Figure S5 Identification of recombination sites in tps genes of deviant cc11 isolates.
(A) The tpsA of isolate 2001044 (middle) was generated by recombination of genes
similar to the tpsA (top) and tpsC1 (bottom) from strain FAM18. Regions of high
sequence identity are indicated by grey shading. A region corresponding to bp 42185651 in tpsA of isolate 2001044 is shared in the three genes.

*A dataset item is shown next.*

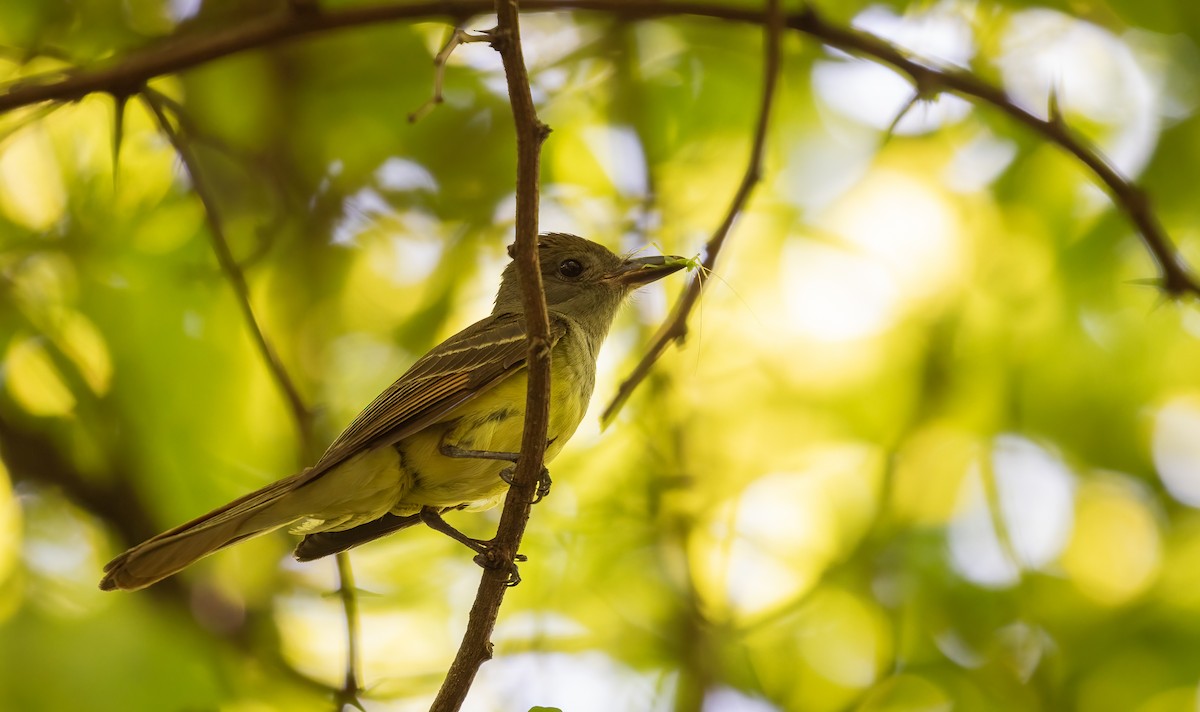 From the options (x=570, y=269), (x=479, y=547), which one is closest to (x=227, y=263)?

Comparison of the
upstream and downstream sequences suggests that recombination took place in this
region. (B) The tpsA of isolate 348 (middle) was generated by recombination of genes
similar to the tpsA (top) and tpsC1 (bottom) from strain Z2491. Recombination
apparently took place in the region that corresponds to bp 4174-4605 in tpsA of isolate
348. (C) The tpsC1 of isolate 348 (middle) was generated by recombination of genes
similar to tpsC2 of strain Z2491 (top) and tpsC1 from strain FAM18 (bottom).
Recombination apparently took place in a short stretch of sequence identity
corresponding to bp 838-858 in tpsC1 of isolate 348, which is shown in detail in panel
D. (D) Alignment of relevant parts of the nucleotide sequences of tpsC2 of strain
Z2491, tpsC1 of FAM18 and the recombinant tpsC1 of isolate 348. Upstream and
downstream of a shared 18-bp stretch of sequence identity (dark grey), the tpsC1 of
isolate 348 is similar to tpsC2 of Z2491 and tpsC1 of FAM18, respectively. Deviations
from the tpsC1 sequence of isolate 348 in the upstream and downstream regions,
respectively, are highlighted by light grey shading.

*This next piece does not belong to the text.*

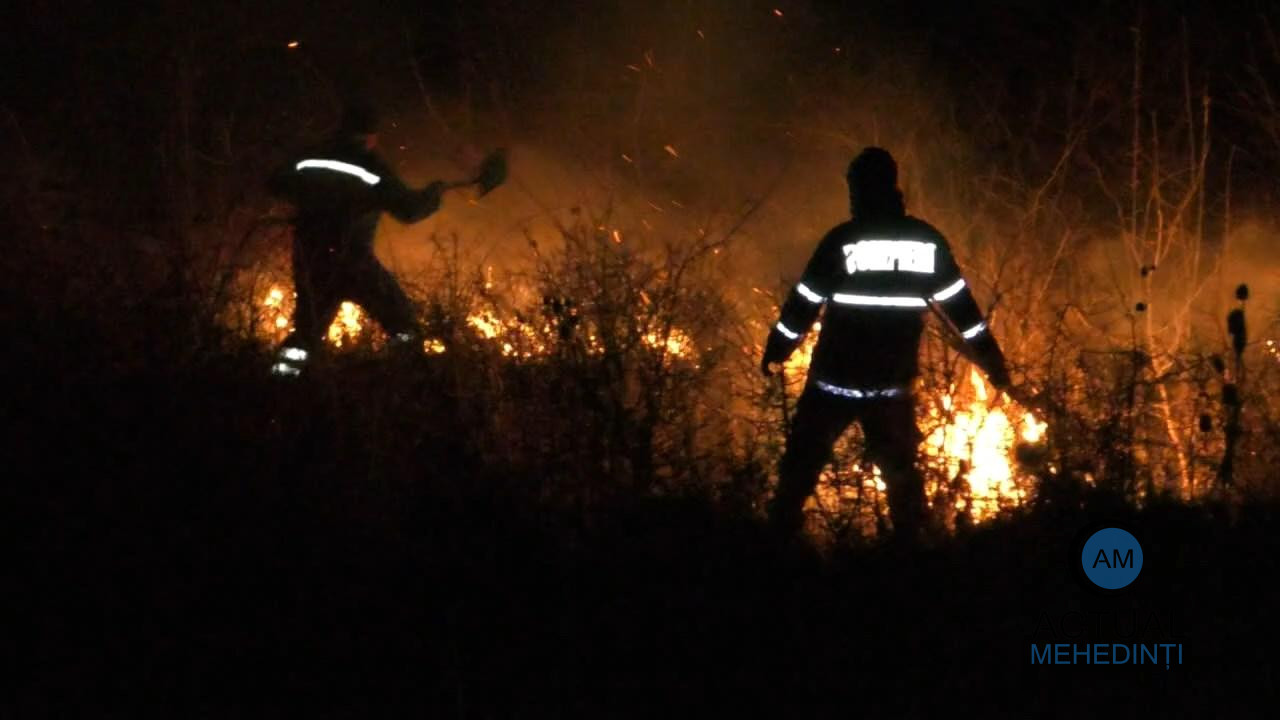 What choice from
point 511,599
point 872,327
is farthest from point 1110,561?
point 511,599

Figure S6 Analysis of the organization of the TPS islands in isolates of cc32. The
genetic organization of the two TPS islands containing tpsA1 genes (tpsA1b with locus
tag NMB0497 and tpsA1a with locus tag NMB1779) of cc32 strain MC58 and that of
cc11 strain FAM18 is depicted. DNA fragments targeted by PCR to determine the
organization of the TPS islands in the cc32 isolates are indicated underneath the genetic
organization. All isolates yielded an amplicon for fragment f, demonstrating
conservation of the tpsA1 locus corresponding to NMB0497. However, 13/50 isolates
were negative for fragment p suggesting that either recombination had occurred at the
tpsA1 locus corresponding to NMB1779 or the tpsA1 locus was not duplicated in these
isolates. The latter possibility was tested in PCRs targeting fragments q, r and s, which
cover the boundaries of the TPS islands [19]. In 11 isolates, only fragment q was
amplified indicating that the genome rearrangement that leads to duplication of tpsA1
had not occurred [19]. The other two isolates (isolates 2081107 and 2061468) were
positive in all three PCRs. Isolate 2081107 was also positive in PCRs for fragments b
and d, suggesting the presence of a tpsA1 similar to that of FAM18, which has a central
core different from that of the tpsA1 genes of MC58. Therefore, we hypothesize that this
tpsA was acquired by horizontal gene transfer in this isolate. To identify the
recombination that had occurred in the second tpsA1 of isolate 2061468, we performed
a series of PCRs with the forward primer annealing with the core of NMB1779 (i.e. the
forward primer for fragment p) and reverse primers annealing in the 3’ regions of the
tpsC cassettes in MC58. We obtained a PCR product (labeled t in Table S3 in
Additional file 3) of ~2300 bp with the reverse primer annealing to the tpsC5
downstream of NMB0497, indicating that this tpsC had recombined into the tpsA1
corresponding to NMB1779.
Figure S7 Recombination sites in α14-tpsA* recombinants obtain after
transformation of strain α14 with chromosomal DNA of strain B16B6ΔtpsC2-5. An
alignment of sequences of tpsA of α14 and tpsC2 of B16B6 is shown. Positions of
nucleotides relative to the start codon of the ORFs are indicated. Identical residues in
the alignment are indicated with asterisks. Relevant DNA segments of the tpsA genes of
19 α14-tpsA* recombinants were sequenced and the recombination sites, highlighted in
grey boxes, were identified by sequence identity in the upstream region with tpsA of
α14 and in the downstream region with tpsC2 of B16B6. The numbers of transformants
with the same recombination site are indicated within parentheses. #1 indicates the
recombination site in the clone that was used for further experiments.